Supplied information:

*****

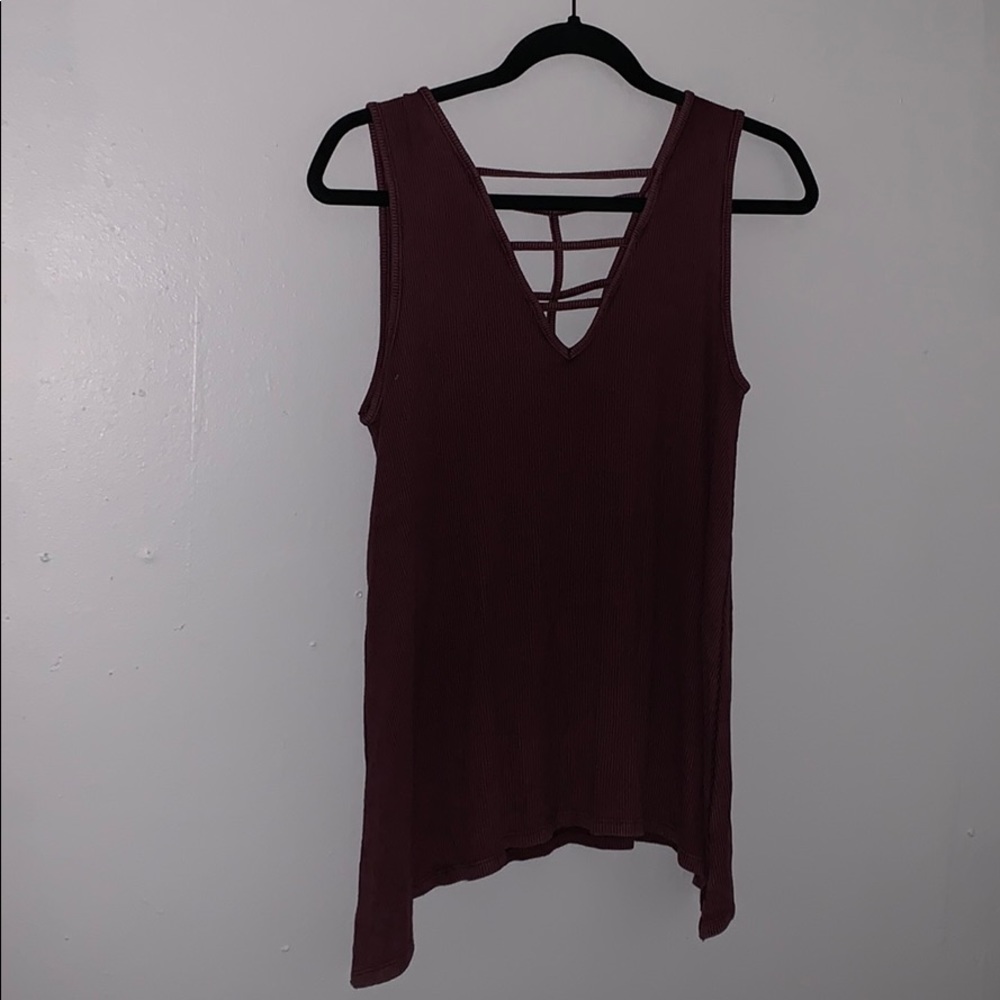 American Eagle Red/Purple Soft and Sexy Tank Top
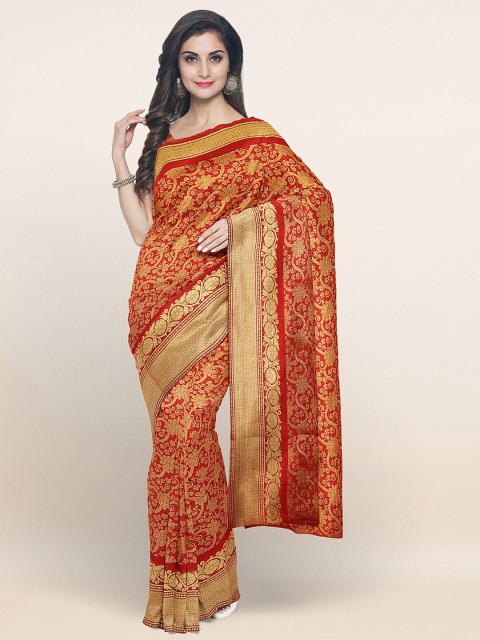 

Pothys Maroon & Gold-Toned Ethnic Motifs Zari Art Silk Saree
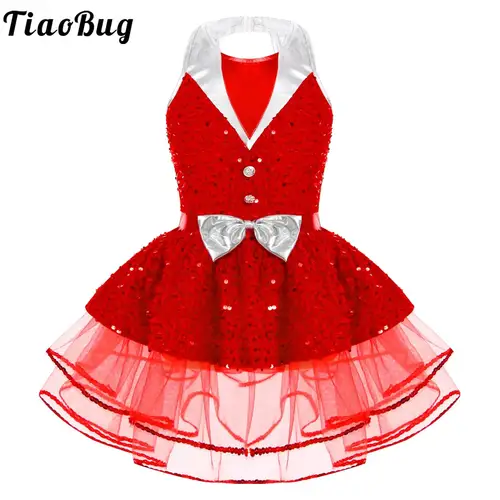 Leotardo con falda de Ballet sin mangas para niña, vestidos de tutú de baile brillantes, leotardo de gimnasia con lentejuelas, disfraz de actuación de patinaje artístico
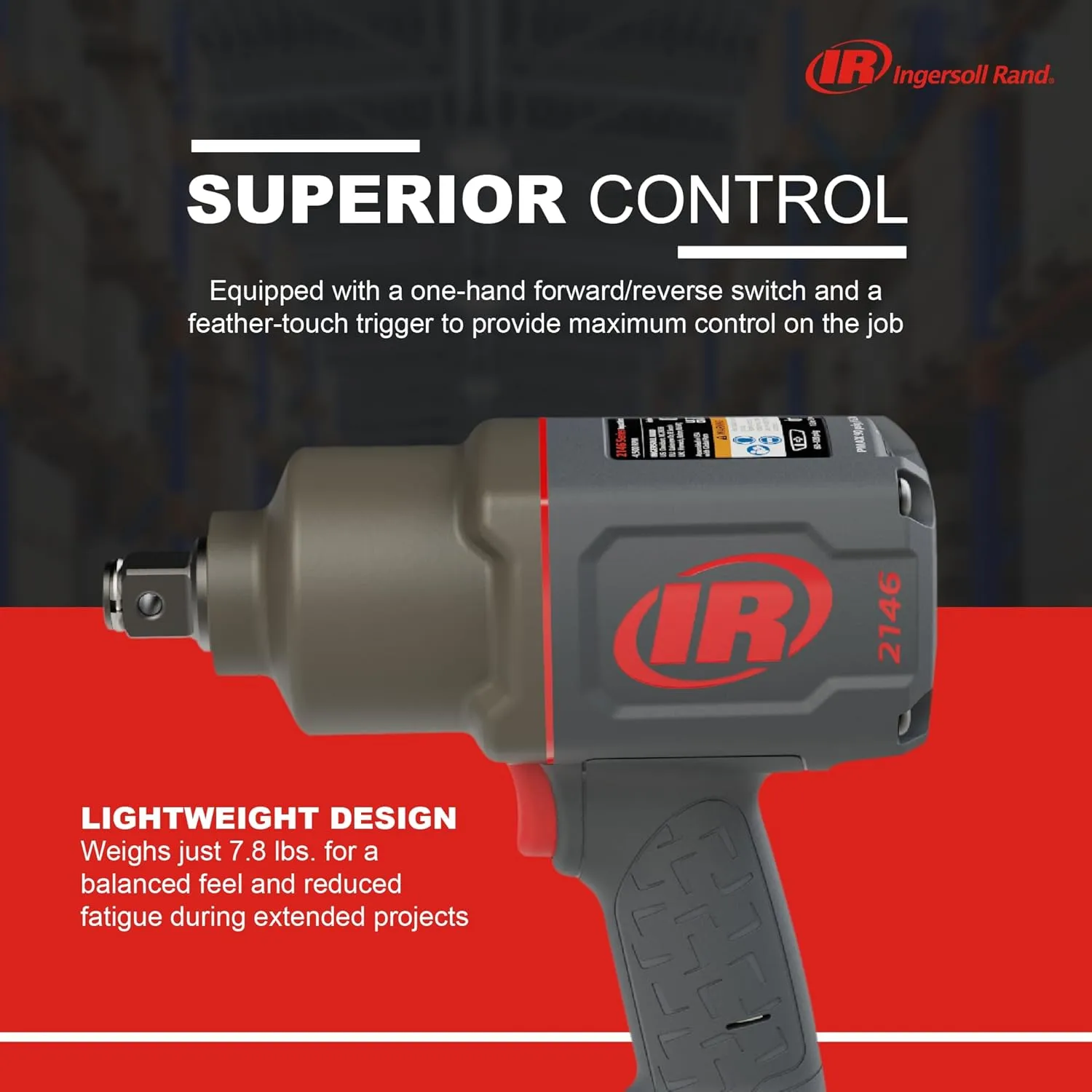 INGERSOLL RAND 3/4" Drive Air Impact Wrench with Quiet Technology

*****

Problem statement: Should there be pictures in the data, leave them out and return the rest exactly.

Output below:
 American Eagle Red/Purple Soft and Sexy Tank Top

Pothys Maroon & Gold-Toned Ethnic Motifs Zari Art Silk Saree
 Leotardo con falda de Ballet sin mangas para niña, vestidos de tutú de baile brillantes, leotardo de gimnasia con lentejuelas, disfraz de actuación de patinaje artístico
 INGERSOLL RAND 3/4" Drive Air Impact Wrench with Quiet Technology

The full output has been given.